Defendant first asserts that he was afforded ineffective assistance of counsel due to the failure to
object to the prosecution’s opening statements. However, defendant has failed to demonstrate that had
counsel properly objected, the result would have been different. Consequently, defendant’s argument
must fail.
Defendant next asserts that he was denied effective assistance of counsel because no objection
was made to defendant’s wearing of prison garb during trial. We disagree. Counsel’s failure to object
to defendant being present during trial in prison attire does not necessarily constitute ineffective
assistance of counsel. People v Woods, 32 Mich App 358, 359; 188 NW2d 649 (1971). The record
reflects that defendant clearly understood his trial was beginning and never objected to his attire.
Moreover, because a required element for assault of a prison employee is that defendant be legally
incarcerated, the jury was aware that defendant was a prisoner and was therefore not prejudiced by
defendant’s prison attire. Thus, defendant has failed to demonstrate that had he not been in prison garb
the jury would have come to a different result.
Defendant’s final claim of ineffective assistance of counsel is based upon the failure of trial
counsel to call witnesses and present a defense. The decision whether to call witnesses is a matter of
trial strategy and will only constitute ineffective assistance of counsel when it deprives defendant of a
substantial defense which would have affected the outcome of the proceeding. People v Daniel, 207
Mich App 47, 58; 523 NW2d 830 (1994). Moreover, the decision to call or not call the defendant to
testify is a matter of trial strategy. People v Alderete, 132 Mich App 351, 360; 347 NW2d 229
(1984).
Because defendant failed to sufficiently identify the witnesses and failed to indicate the substance
of their potential testimony, we cannot say that defendant was denied a substantial defense.
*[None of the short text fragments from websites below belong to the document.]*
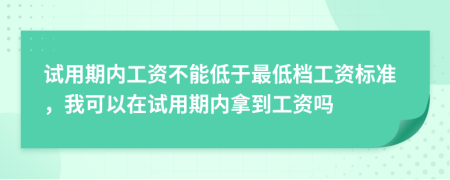 試用期內(nèi)工資不能低于最低檔工資標(biāo)準(zhǔn)，我可以在試用期內(nèi)拿到工資嗎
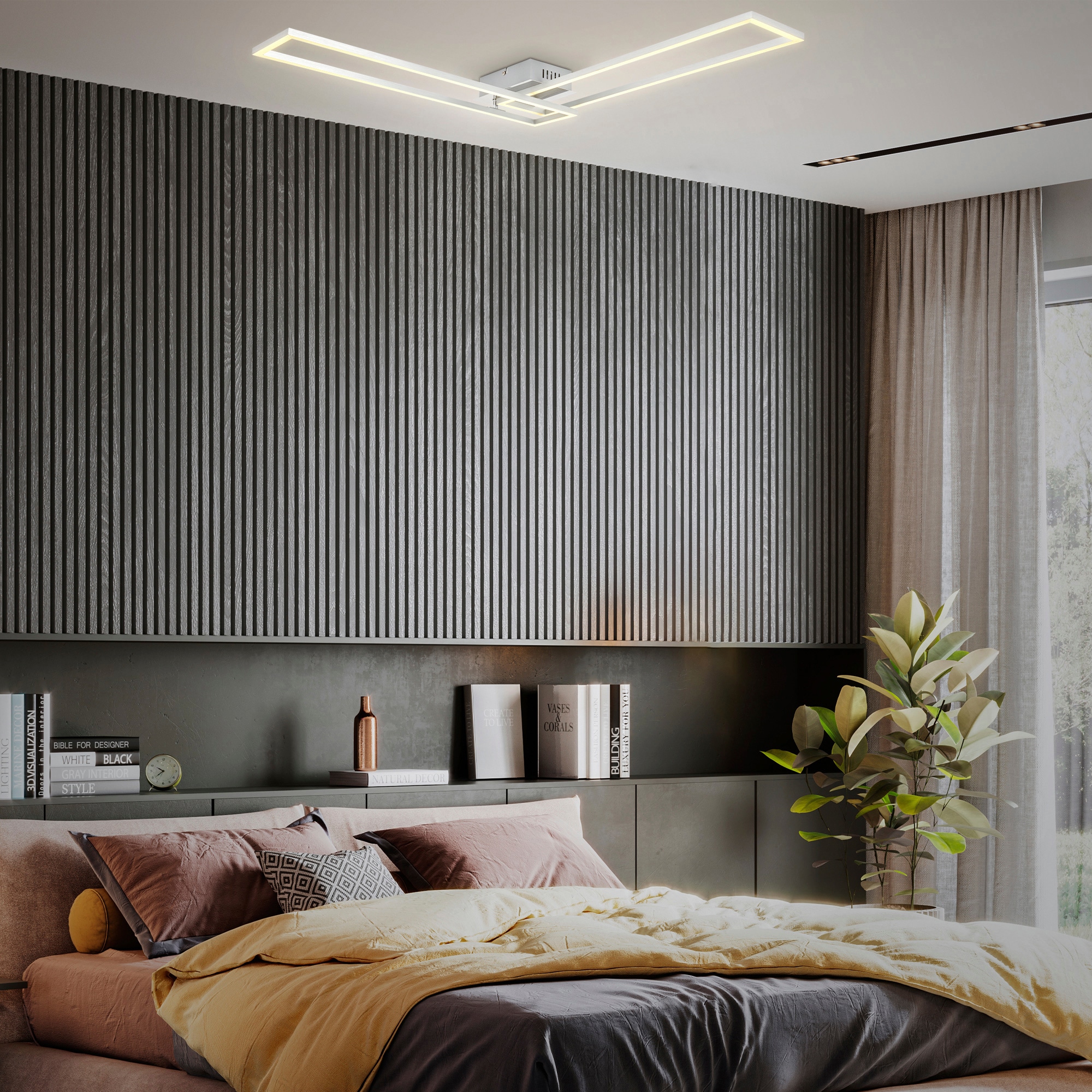 B.K.Licht LED Deckenleuchte,  in gebürsteter Alu-Optik, LED-Platine 40 Watt, 4.000lm (2x LED-Modul mit je 2000lm), 3.000K 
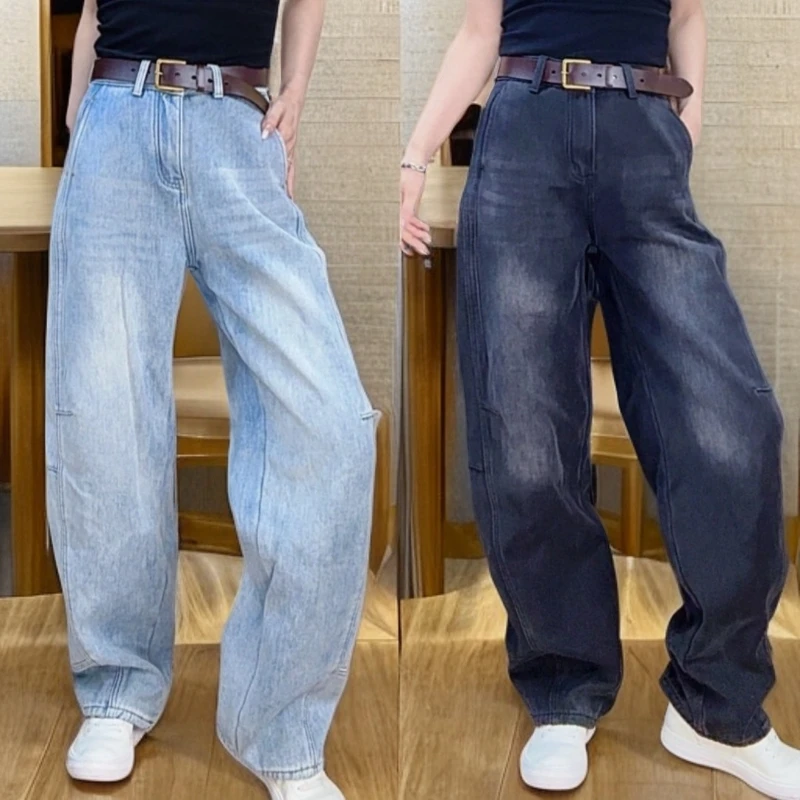加绒牛仔裤高腰阔腿裤干净活动效果爆款美式弯刀牛仔裤女主8819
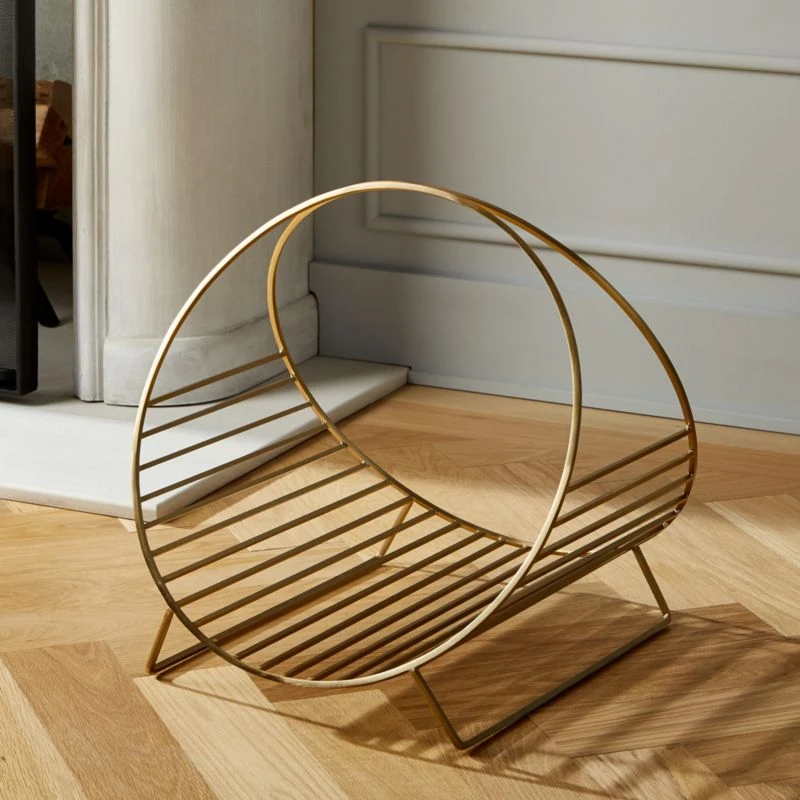 Chord Antique Brass Log Holder 4 Chord Antique Brass Log Holder - Image 2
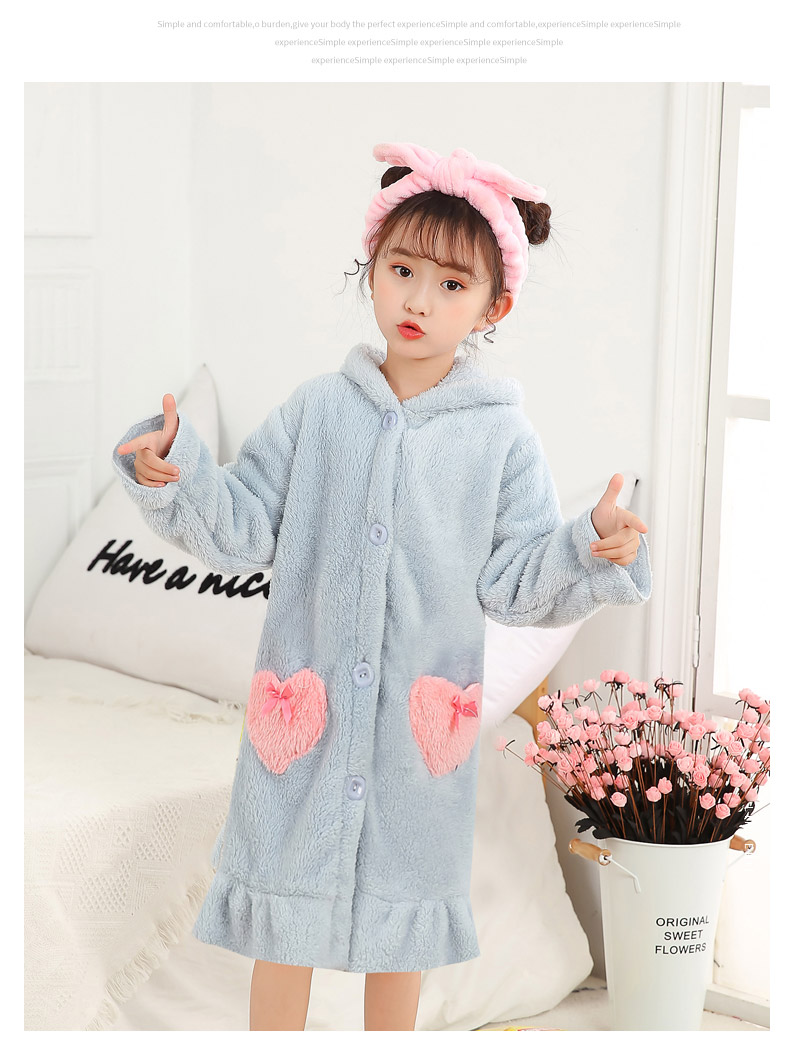 Mùa thu và mùa đông flannel bộ đồ ngủ áo ngủ của trẻ em dày san hô nhung tracksuit lớn cô gái trẻ áo choàng tắm bé những kiểu đồ bộ đẹp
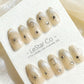 Reusable Celestial Gleam Cat Eye Effect French Tip| Premium Handmade Press on Nails Gel | Fake Nails | Cute Pressons Gel Nail faux nails
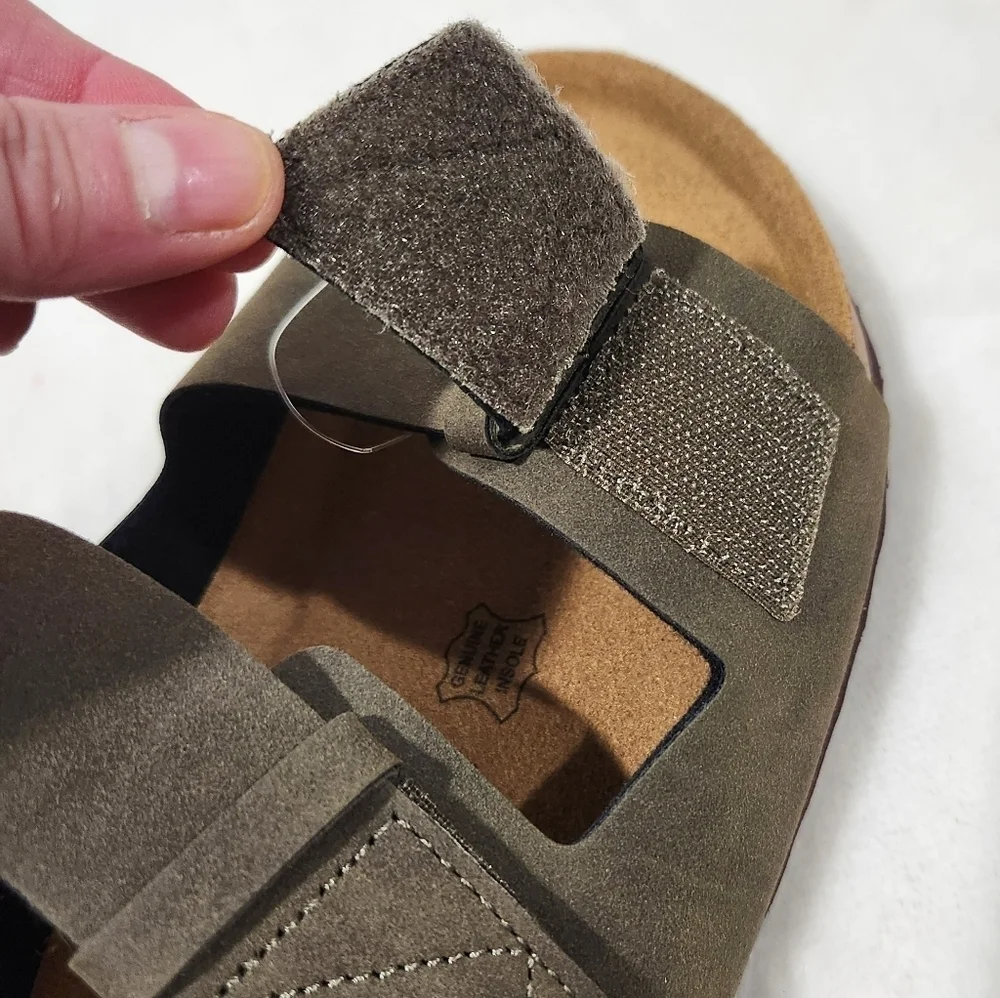 Cushionaire Lynx Cork Suede Velcro Brown Footbed Sandal Men's Size 10 NWOT - Picture 9 of 14
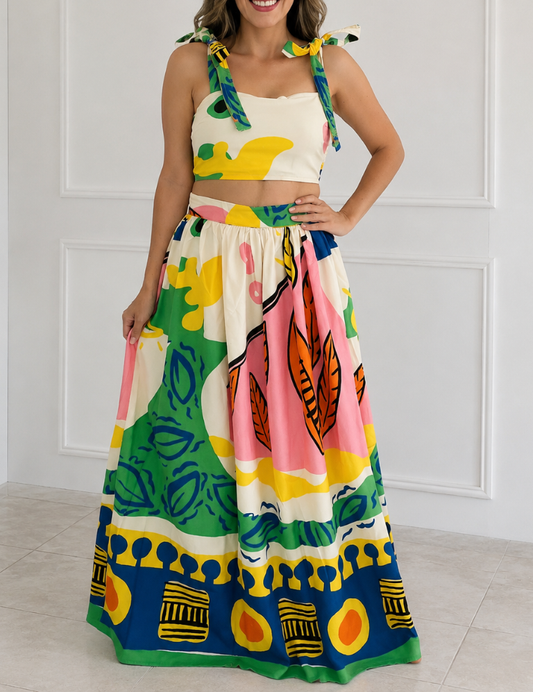 Multi Abstract Top & Skirt Set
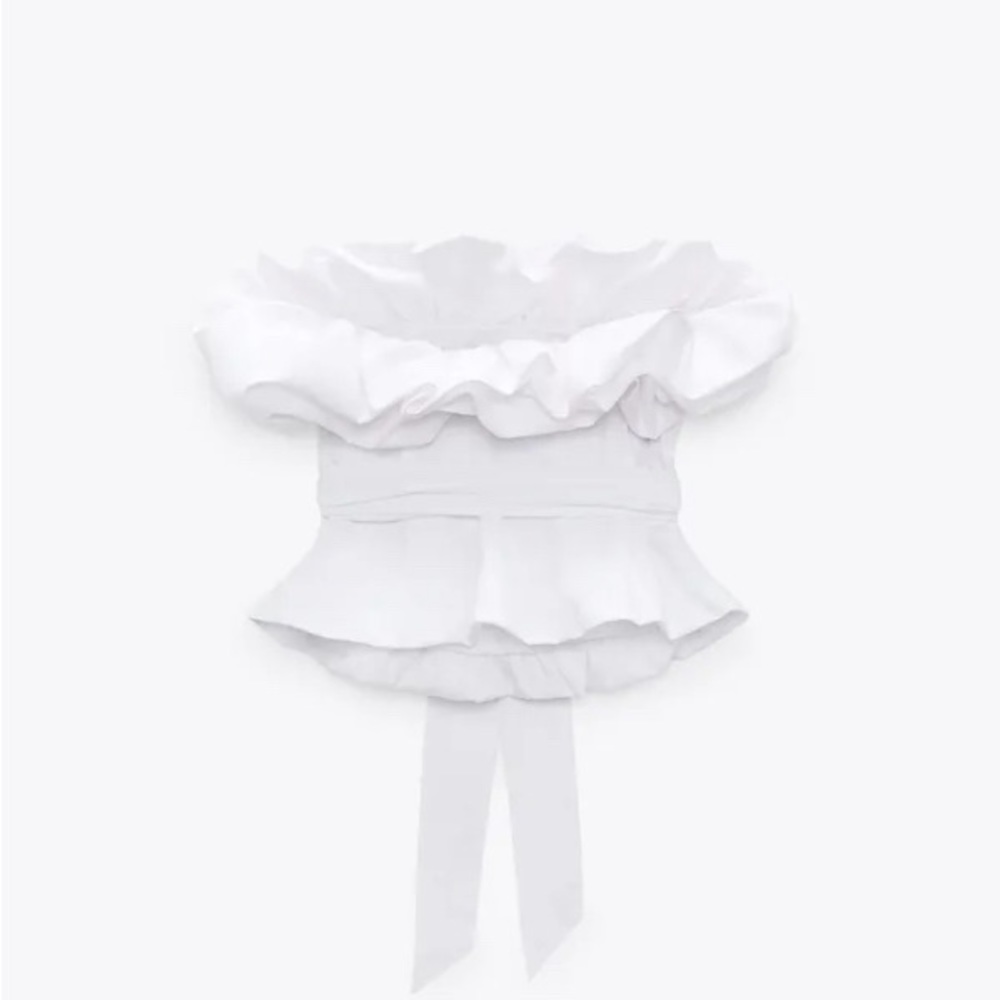 Zara White Voluminous Poplin Top Off Shoulder - Picture 3 of 7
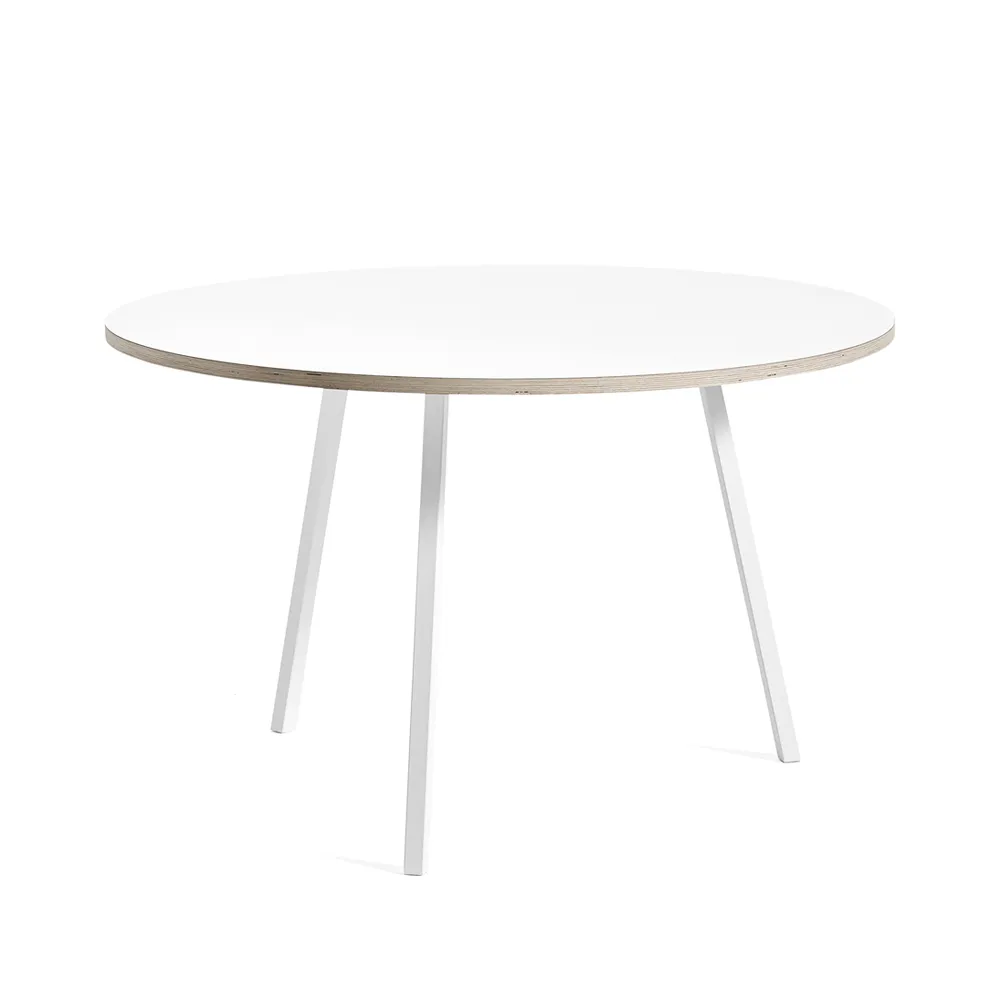 Loop Stand dining table round, White laminate-white, Ø120 cm HAY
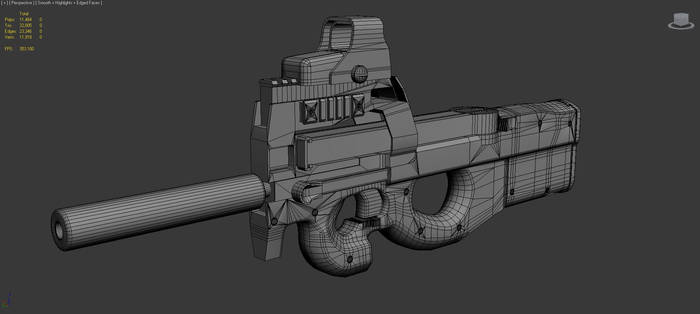 P90 low poly WIP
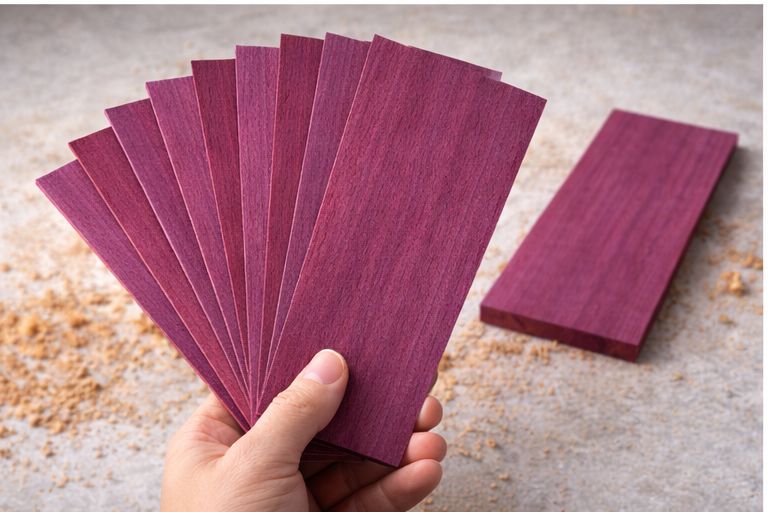 Purpleheart Wood Veneer | Marquetry Inlay - 200mm x 100mm x 4mm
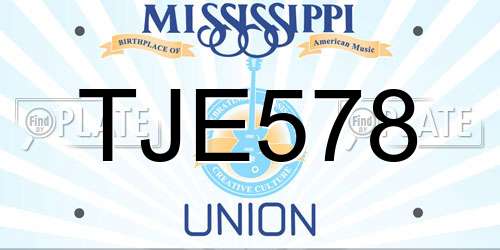 TJE578 Mississippi License Plate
Furthermore, the record indicates that defendant was informed of his right to testify and chose not to do
so. Also, it does not appear that defendant has overcome the presumption that the challenged action
might be considered sound trial strategy. See People v Tommolino, 187 Mich App 14; 466 NW2d
315 (1991).
III
Defendant’s final argument is that while the above errors may not individually constitute
reversible error, their cumulative effect does. We disagree. Because none of the individual
improprieties asserted by defendant constitute error, we find there was no cumulative error requiring
reversal. See People v Bahoda, 448 Mich 261, 292 n 64; 531 NW2d 659 (1995).
Affirmed.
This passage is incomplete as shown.